Defense and goaltending win championships, but that might not have been the Red Wings’ biggest weakness last year. For a team with Pavel Datsyuk, Henrik Zetterberg, and Johan Franzen, the Red Wings simply didn’t score enough when it mattered. Nobody had more than four goals in the eleven games the Wings played during the post-season and the powerplay was only 8 for 43, going a dismal 2 for 21 on the road.
The signs of weakness stood out during the regular season. No Red Wing reached 30 goals. Franzen had 28, but 5 were in one game and he went largely goalless after December. That put way too much pressure on Datsyuk, who missed 24 games through injury, and Zetterberg.
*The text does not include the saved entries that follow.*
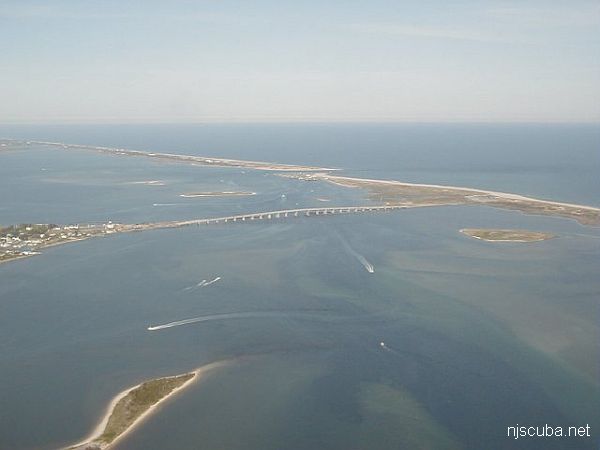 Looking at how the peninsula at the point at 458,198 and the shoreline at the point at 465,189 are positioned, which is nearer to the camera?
the peninsula at the point at 458,198

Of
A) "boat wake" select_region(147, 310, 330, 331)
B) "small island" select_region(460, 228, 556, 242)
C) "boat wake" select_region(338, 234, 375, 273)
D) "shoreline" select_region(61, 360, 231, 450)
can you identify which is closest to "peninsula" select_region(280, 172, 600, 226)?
"small island" select_region(460, 228, 556, 242)

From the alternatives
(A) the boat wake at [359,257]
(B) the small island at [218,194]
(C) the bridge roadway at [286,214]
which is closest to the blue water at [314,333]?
(A) the boat wake at [359,257]

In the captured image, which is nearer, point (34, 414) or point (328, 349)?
point (34, 414)

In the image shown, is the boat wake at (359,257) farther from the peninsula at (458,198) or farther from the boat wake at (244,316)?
the peninsula at (458,198)

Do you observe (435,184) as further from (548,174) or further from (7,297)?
(7,297)

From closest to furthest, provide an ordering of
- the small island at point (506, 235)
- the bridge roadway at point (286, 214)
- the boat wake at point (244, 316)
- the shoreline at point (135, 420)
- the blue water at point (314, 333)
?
the shoreline at point (135, 420)
the blue water at point (314, 333)
the boat wake at point (244, 316)
the small island at point (506, 235)
the bridge roadway at point (286, 214)

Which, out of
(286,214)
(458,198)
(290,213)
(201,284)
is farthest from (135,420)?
(458,198)

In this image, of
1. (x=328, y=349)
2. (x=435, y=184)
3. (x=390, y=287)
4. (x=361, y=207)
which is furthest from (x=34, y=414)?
(x=435, y=184) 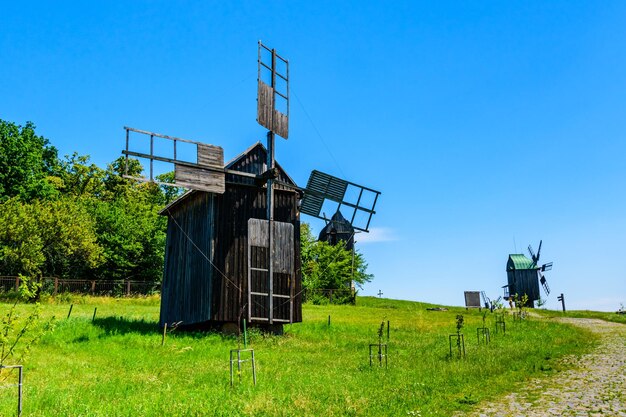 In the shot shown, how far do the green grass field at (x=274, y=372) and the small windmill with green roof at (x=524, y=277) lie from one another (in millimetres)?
35911

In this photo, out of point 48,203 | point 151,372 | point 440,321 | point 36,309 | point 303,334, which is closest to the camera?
point 36,309

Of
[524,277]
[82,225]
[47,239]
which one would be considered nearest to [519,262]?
[524,277]

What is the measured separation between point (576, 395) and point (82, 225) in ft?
130

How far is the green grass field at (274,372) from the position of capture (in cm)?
1084

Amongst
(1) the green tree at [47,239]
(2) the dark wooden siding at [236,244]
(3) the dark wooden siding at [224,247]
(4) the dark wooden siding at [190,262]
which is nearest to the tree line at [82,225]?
(1) the green tree at [47,239]

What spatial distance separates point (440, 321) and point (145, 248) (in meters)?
28.6

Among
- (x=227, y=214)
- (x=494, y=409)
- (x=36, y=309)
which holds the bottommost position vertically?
(x=494, y=409)

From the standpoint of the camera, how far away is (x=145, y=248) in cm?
4994

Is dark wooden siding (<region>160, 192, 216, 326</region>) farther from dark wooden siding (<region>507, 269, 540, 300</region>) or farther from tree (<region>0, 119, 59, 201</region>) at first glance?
dark wooden siding (<region>507, 269, 540, 300</region>)

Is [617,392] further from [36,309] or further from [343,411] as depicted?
[36,309]

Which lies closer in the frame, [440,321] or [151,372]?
[151,372]

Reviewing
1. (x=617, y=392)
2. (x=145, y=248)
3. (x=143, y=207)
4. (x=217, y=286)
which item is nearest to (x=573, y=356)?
(x=617, y=392)

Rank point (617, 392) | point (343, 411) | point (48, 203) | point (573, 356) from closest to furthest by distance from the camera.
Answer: point (343, 411) < point (617, 392) < point (573, 356) < point (48, 203)

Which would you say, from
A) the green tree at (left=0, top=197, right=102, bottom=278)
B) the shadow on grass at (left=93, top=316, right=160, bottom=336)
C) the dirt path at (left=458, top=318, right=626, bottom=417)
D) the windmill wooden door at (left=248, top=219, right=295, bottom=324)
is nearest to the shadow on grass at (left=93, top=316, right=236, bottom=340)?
the shadow on grass at (left=93, top=316, right=160, bottom=336) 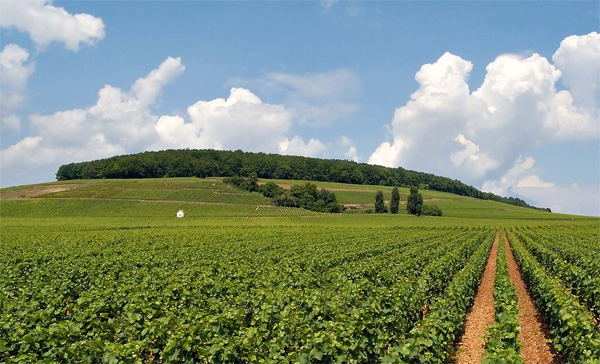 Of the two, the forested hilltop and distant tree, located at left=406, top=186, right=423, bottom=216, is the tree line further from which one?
the forested hilltop

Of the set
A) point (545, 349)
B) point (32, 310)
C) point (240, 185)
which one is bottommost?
point (545, 349)

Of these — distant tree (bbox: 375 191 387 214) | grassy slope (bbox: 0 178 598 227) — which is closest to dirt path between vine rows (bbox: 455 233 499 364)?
grassy slope (bbox: 0 178 598 227)

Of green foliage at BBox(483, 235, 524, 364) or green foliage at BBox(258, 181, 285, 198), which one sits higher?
green foliage at BBox(258, 181, 285, 198)

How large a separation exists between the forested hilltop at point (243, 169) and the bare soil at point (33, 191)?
2017 centimetres

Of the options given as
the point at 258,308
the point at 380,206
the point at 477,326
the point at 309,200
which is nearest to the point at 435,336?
the point at 258,308

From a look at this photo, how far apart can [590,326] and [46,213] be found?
9811cm

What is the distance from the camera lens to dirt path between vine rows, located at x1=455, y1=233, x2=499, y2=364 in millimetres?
12336

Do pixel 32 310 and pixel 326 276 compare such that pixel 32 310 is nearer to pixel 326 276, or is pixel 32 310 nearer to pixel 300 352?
pixel 300 352

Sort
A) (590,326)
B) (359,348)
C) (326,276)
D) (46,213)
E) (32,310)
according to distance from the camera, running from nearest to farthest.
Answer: (359,348)
(590,326)
(32,310)
(326,276)
(46,213)

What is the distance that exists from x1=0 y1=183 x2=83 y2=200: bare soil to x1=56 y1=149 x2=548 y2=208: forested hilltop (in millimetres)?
20166

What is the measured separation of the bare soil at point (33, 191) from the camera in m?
102

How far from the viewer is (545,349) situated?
1300 centimetres

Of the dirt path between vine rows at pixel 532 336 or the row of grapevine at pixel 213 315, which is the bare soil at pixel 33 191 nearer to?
the row of grapevine at pixel 213 315

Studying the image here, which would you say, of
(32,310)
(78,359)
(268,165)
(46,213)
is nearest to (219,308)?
(78,359) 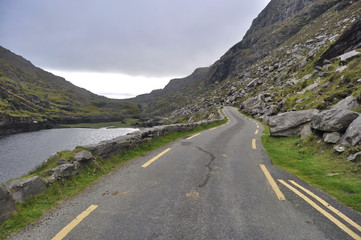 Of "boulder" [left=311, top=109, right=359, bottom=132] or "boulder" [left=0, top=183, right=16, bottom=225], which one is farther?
"boulder" [left=311, top=109, right=359, bottom=132]

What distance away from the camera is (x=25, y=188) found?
5293 millimetres

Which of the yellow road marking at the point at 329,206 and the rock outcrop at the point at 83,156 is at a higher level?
the rock outcrop at the point at 83,156

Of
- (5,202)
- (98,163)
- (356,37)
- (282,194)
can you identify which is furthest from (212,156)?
(356,37)

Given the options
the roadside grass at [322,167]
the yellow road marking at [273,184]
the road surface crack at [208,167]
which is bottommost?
the roadside grass at [322,167]

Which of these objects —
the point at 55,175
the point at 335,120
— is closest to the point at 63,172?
the point at 55,175

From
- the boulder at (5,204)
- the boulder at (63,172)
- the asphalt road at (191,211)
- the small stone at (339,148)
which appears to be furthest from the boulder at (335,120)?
the boulder at (5,204)

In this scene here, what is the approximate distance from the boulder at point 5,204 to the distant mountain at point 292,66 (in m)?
17.2

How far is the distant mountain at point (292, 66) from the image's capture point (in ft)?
81.6

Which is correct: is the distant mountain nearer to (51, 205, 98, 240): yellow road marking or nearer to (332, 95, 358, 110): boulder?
(332, 95, 358, 110): boulder

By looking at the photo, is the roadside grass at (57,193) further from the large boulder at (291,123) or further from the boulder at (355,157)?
the large boulder at (291,123)

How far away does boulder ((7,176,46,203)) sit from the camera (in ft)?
16.7

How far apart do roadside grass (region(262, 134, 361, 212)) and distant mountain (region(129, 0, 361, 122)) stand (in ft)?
17.3

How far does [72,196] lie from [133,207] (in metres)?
2.11

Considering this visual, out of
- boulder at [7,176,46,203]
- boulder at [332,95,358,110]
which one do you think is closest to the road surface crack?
boulder at [7,176,46,203] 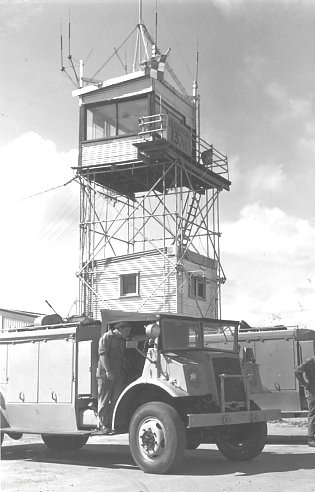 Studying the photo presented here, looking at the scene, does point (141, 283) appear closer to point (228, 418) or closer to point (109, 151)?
point (109, 151)

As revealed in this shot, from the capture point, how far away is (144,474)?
9.70 m

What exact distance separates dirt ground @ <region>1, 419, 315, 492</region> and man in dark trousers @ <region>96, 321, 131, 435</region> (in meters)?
0.87

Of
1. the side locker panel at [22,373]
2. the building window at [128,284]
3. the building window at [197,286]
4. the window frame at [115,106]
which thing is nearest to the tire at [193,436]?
the side locker panel at [22,373]

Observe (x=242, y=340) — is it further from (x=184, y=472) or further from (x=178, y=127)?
(x=178, y=127)

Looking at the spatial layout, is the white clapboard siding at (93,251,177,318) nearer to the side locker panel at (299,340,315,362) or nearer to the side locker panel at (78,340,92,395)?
the side locker panel at (299,340,315,362)

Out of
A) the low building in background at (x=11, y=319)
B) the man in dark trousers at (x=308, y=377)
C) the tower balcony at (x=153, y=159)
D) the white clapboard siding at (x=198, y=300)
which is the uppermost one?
the tower balcony at (x=153, y=159)

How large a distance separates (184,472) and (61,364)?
3.13 m

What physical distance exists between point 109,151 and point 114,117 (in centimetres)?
166

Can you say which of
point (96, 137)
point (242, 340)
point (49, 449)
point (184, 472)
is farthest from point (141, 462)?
point (96, 137)

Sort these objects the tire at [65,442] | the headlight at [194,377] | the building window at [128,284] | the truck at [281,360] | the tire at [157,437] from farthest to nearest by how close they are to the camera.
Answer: the building window at [128,284] < the truck at [281,360] < the tire at [65,442] < the headlight at [194,377] < the tire at [157,437]

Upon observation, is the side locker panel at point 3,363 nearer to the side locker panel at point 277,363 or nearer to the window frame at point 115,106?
the side locker panel at point 277,363

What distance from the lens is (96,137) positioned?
1153 inches

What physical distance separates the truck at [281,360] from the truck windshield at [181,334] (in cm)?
384

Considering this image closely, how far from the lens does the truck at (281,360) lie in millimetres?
14719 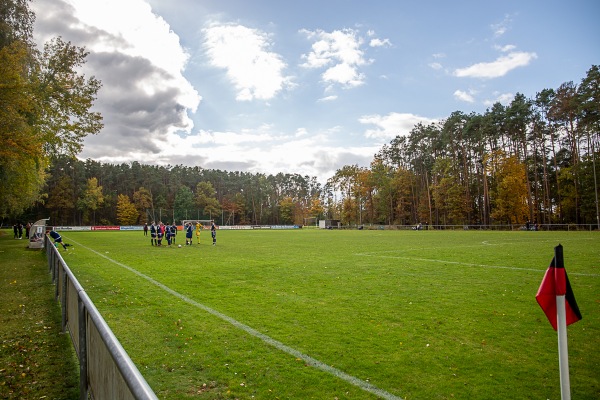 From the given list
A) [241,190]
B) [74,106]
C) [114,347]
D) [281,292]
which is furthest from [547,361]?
[241,190]

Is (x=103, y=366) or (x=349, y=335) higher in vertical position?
(x=103, y=366)

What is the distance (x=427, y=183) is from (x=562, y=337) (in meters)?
82.9

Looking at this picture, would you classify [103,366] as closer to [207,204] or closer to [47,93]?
[47,93]

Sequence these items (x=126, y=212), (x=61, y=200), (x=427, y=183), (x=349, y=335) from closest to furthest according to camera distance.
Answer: (x=349, y=335), (x=427, y=183), (x=61, y=200), (x=126, y=212)

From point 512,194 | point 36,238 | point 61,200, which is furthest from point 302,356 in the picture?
point 61,200

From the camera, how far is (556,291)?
347 cm

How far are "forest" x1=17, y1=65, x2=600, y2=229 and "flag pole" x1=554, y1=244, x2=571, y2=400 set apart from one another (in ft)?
173

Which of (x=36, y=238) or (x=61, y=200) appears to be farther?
(x=61, y=200)

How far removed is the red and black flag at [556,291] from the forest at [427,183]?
52671mm

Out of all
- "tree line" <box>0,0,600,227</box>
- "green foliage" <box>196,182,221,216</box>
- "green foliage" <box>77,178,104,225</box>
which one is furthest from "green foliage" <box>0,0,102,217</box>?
"green foliage" <box>196,182,221,216</box>

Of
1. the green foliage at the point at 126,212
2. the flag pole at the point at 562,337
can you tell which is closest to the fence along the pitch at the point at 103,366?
the flag pole at the point at 562,337

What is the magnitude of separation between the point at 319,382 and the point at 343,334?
1888mm

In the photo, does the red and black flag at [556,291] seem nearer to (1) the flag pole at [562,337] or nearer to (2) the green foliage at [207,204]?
(1) the flag pole at [562,337]

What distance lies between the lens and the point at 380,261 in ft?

Danny Cleary did contribute 26 goals, but other than these four players, nobody reached 20. That’s simply not enough.
Jiri Hudler (37 points, -7) and Valtteri Filppula (39 points, -1) had disappointing seasons. Hudler came with a lot of expectations when he returned from a season in the Russian KHL, but failed to deliver during the season and disappeared during the playoffs. Coach Mike Babcock resorted to making him a healthy scratch on several occasions, but his output never increased. Filppula is simply a third line center. If he would only shoot more with greater accuracy, he could be brilliant.
Darren Helm and Justin Abdelkader are great energy players. They should anchor the checking line for the next decade, but the Red Wings should not expect a lot of offensive punch from them. If Helm could finish more of the chances his incredible speed creates, he could be a 25 goal scorer. They will be joined by a low budget player like Mike Eaves or Drew Miller, depending on what Holland can scrounge up in free agency.
What should the Wings do? To fill the last two holes on the team, a backup goaltender and somebody on the wing who can add 30+ goals, he might have to make a big trade. Ericsson could be marketable with his contract locked up for three years and his relative youth at twenty-seven. Hudler, Filpula, and prospects like Jan Mursak or Corey Emmerton could be part of any deal. There is plenty of depth to cover Ericsson if he goes. Jakub Kindl and Brendan Smith are ready for NHL minutes now. Kindl is the seventh defenseman at the moment, while Smith is the top guy for Grand Rapids. Even Doug Janik has NHL experience and filled in during 2010-2011.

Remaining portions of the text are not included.